For no particular reason I took an especially long time gazing at Dan Krier’s handprint. A silver dotted line snaked around his fingers, his palm, his name, and the year he graduated: 1994.

With my exceptionally mediocre math skills, I calculated approximately how many handprints were left there since that Senior Supper evening in 1994 when Dan chose to make his mark on Uni in a bright yellow.

Thirteen years times 60 handprints is 780.

By the end of my Senior Supper on Wednesday night, approximately 844 students had entered Uni as small, scared subbies and left as cocky seniors since the time when Dan exited Uni’s hallways to start afresh.

That day in the lounge I was, for the first time in a while, overwhelmed by how little and unimportant I am in the grand scheme of Uni things. What, other than a handprint, will I leave for Uni?

The answer is probably nothing, and I’m not quite sure if I feel too bad about that. In 14 years from now I will be another anonymous, random handprint on that big blue wall for the students in the lounge, just like Dan is to me.

What, then, has Uni left me?

Well, that’s really a tough one to answer.

Undeniably, I have extremely mixed emotions about my tenure at Uni High. At times, when I am feeling especially bad for myself, I feel as if Uni is the sole reason for all of my problems.

At these times I wish I had made more friends. I wish I had done more activities other than swimming, or had the time to take swimming more seriously. I wish homework and tests hadn’t had been such an enormous part of my high school career. I wish I had taken different classes.

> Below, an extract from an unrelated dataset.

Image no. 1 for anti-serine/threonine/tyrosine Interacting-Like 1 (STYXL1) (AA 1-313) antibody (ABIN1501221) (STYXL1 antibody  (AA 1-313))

I wish I hadn’t let the fact of going to a school with 299 other bright and talented individuals make me feel any less about myself.

I wish Uni had not robbed me of so many hours that I could have spent finding out who I am.

On the other, I am so intensely grateful to have been afforded the opportunity to go to such a great school.

Seriously, I don’t think that at any other high school the teachers are as insanely dedicated, passionate, and just all-in-all flippin’ amazing as the ones we’ve got at Uni.

Not nearly enough students realize that Craig Russell stays up late into the night to prepare PowerPoint slideshows for his math class or that Jim “Ray” Carrubba takes time out of his evening to chat to you on AIM about your various difficulties with physics.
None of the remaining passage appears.